_INPUT MATERIAL_:
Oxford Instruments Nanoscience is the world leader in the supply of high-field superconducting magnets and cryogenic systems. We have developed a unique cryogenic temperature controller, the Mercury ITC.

* * *

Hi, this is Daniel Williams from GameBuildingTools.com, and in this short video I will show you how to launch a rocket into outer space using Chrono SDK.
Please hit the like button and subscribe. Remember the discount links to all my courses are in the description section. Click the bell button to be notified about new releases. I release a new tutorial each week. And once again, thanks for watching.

==

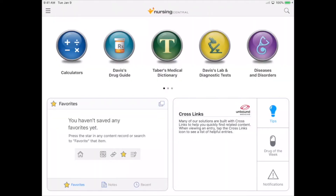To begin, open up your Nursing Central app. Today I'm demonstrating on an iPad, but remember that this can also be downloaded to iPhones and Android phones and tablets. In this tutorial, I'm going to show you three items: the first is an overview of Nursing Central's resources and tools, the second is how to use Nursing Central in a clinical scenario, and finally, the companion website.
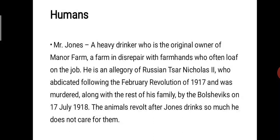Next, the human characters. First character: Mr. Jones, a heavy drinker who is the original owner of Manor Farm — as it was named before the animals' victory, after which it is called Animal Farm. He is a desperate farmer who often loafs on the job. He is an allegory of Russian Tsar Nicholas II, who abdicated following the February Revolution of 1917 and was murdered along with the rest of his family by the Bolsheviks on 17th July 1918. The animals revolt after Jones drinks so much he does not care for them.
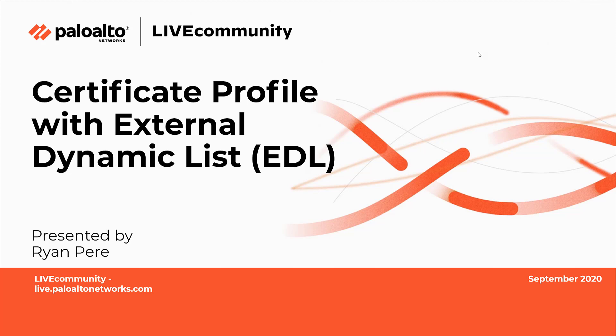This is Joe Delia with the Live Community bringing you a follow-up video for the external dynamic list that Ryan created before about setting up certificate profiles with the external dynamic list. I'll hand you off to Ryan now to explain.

_HOW TO COMPLETE THIS TASK_: Taking the entries above, write out exactly the lines starting with the line containing "Hi, this is" and going on through the line containing "Please hit the", both included, and nothing else.

_RESPONSE TO THE TASK_:
Hi, this is Daniel Williams from GameBuildingTools.com, and in this short video I will show you how to launch a rocket into outer space using Chrono SDK.
Please hit the like button and subscribe. Remember the discount links to all my courses are in the description section. Click the bell button to be notified about new releases. I release a new tutorial each week. And once again, thanks for watching.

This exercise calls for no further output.